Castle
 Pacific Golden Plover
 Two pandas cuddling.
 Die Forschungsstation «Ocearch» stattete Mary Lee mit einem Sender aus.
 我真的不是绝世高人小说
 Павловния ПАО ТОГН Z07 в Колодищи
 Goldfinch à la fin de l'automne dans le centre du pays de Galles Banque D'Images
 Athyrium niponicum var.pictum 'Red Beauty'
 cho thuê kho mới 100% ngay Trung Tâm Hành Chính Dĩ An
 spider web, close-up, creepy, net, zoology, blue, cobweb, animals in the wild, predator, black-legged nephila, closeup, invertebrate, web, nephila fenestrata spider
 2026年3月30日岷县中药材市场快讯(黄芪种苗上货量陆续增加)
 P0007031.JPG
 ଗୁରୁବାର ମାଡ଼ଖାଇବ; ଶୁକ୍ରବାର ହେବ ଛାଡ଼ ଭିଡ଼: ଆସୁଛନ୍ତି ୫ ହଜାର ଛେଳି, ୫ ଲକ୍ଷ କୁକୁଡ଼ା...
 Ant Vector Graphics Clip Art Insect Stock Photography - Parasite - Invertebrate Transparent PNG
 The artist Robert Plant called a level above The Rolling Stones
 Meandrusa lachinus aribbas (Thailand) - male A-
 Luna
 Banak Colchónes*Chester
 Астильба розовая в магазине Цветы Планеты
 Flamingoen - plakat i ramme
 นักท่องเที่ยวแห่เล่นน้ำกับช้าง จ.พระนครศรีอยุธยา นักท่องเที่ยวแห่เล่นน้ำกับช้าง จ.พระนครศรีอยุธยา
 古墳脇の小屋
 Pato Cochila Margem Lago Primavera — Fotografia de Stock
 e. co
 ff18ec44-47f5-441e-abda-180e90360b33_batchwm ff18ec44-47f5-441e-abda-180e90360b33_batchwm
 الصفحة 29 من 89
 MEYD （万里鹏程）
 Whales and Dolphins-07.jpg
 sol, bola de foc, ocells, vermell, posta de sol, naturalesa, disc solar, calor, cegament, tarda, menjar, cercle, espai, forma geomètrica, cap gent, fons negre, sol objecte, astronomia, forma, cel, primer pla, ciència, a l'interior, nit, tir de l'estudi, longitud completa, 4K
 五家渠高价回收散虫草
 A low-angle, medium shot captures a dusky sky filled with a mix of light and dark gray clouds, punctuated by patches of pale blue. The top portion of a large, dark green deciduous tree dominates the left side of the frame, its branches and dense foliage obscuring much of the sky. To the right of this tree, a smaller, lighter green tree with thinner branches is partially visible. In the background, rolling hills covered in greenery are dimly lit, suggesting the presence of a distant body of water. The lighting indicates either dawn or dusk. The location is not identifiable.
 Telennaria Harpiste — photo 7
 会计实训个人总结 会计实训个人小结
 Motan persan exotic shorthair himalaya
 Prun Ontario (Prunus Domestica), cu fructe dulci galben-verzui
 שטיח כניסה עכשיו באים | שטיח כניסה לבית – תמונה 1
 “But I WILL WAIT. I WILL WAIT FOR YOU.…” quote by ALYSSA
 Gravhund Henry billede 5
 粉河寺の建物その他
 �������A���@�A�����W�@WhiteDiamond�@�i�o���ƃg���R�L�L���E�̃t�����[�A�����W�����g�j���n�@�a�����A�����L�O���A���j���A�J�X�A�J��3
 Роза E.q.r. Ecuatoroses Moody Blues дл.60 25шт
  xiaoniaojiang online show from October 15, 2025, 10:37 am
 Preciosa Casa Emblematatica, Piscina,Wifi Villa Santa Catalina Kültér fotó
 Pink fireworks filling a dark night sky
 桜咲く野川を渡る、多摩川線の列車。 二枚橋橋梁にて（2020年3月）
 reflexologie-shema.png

══════

→ **Aim of the task**:
Set down again, word for word, the stretch of records from the line with "einem Sender aus." to the line with "cho thuê kho", both of those lines included.

→ **Exercise solution**:
 Die Forschungsstation «Ocearch» stattete Mary Lee mit einem Sender aus.
 我真的不是绝世高人小说
 Павловния ПАО ТОГН Z07 в Колодищи
 Goldfinch à la fin de l'automne dans le centre du pays de Galles Banque D'Images
 Athyrium niponicum var.pictum 'Red Beauty'
 cho thuê kho mới 100% ngay Trung Tâm Hành Chính Dĩ An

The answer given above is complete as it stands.